As the chart shows, and as the New York Times reported in a story entitled "In Striking Shift, Small Investors Flee Stock Market," outflows from US equity mutual funds have been dramatic in recent months, while net inflows to bond funds have been extraordinary since the start of 2009.
Net outflows for US equity funds through the end of July have totaled $31.1 billion, with over $12.6 billion in net outflows for July 2010 alone. Over the same period, net inflows for bond funds have totaled $182.9 billion.
This data backs up the anecdotal cases we have come across of investors pulling their money out of the stock market at or near the most recent market bottom in March 2009, thereby missing the recovery after riding most or all of the way down. (Note the point in the graph above showing heavy net outflows from equity funds in February and March of 2009, just before the turn).
This kind of behavior is exactly what leads to the dismal long-term returns highlighted by numerous Dalbar studies year after year, which we have discussed in several previous posts.
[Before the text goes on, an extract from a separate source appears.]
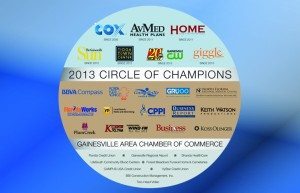 Presenting the 2013 Circle of Champions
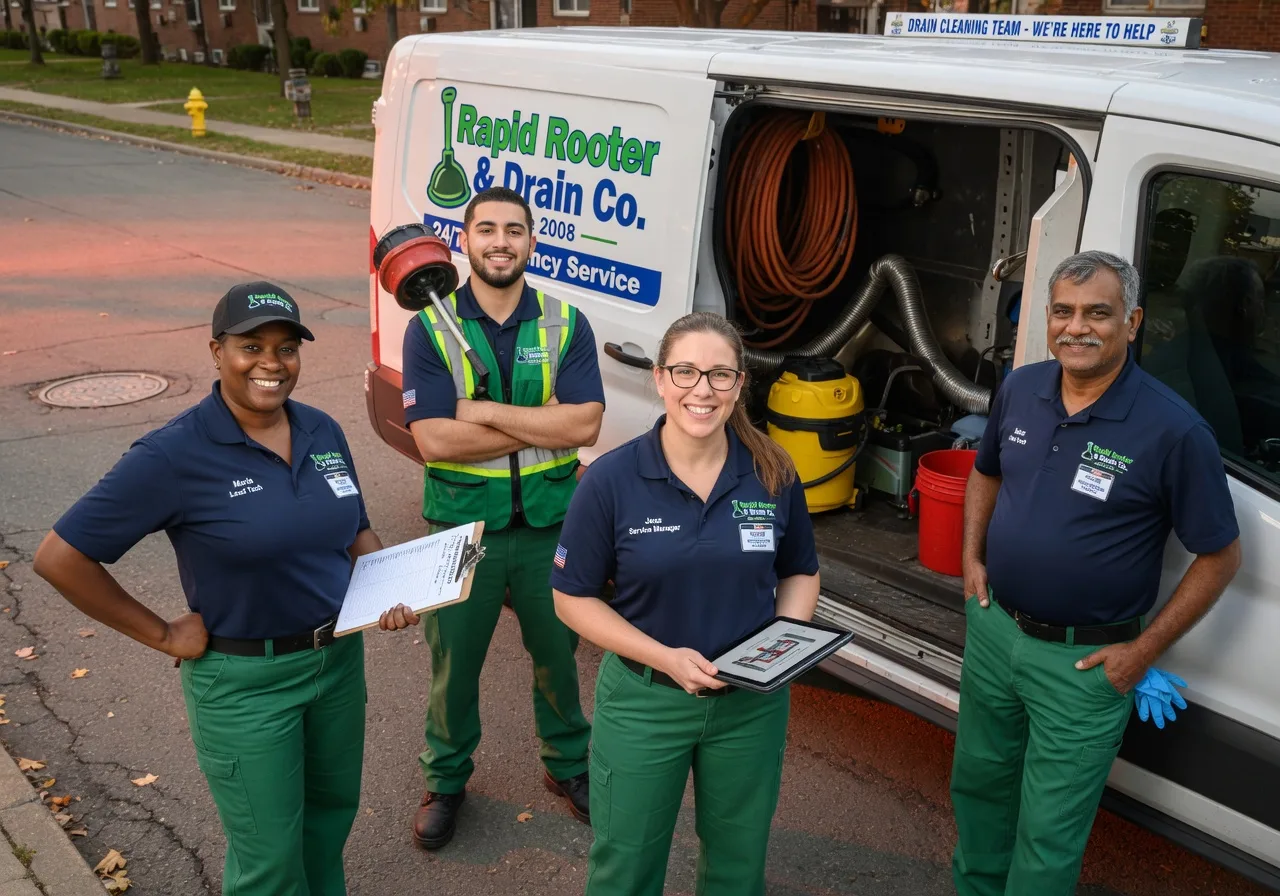 Drain Cleaning company in Renault, IL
While many articles (such as the Times article) focus on this as the behavior of the "small investor," it is important to note that many of these small investors (who may be quite wealthy indeed, but are referred to as "small investors" in contrast to large institutional investors) are in fact advised by professionals who bear much of the blame.
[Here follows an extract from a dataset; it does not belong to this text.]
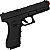 Pistola Airsoft A Gás Rossi V17 Gbb Blowback Glock Com Recuo - Imagem 2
Lately, many investors are jumping out of the equity markets because they are hearing all kinds of predictions of a "double dip" return to recession, or even declarations that the recession never ended at all and the so-called recovery was nothing but a head fake.
We advise those who have fallen for such arguments to go back and read our previous posts about the danger of listening to such confident economic forecasts -- even if those forecasts come from economists, and in fact especially if they come from economists.
We would also advise them to read our post about "market-timing and train-timing," which refers back to a post we wrote entitled "Don't get off the train" -- published seven days before the market bottom on March 9.
Instead, investors should continue to focus on allocating capital to well-run, growing businesses (whether through ownership of equity or through ownership of debt securities -- we don't advocate using open-end mutual funds). Instead of fleeing in anticipation of what the market will do next (which no one can predict), they should be paying themselves first, which will result in the opportunity to buy more equities when prices fall.
The fund flows depicted above tell the sorry tale that most investors are not following these common-sense principles, and many will wind up getting seriously hurt in the process.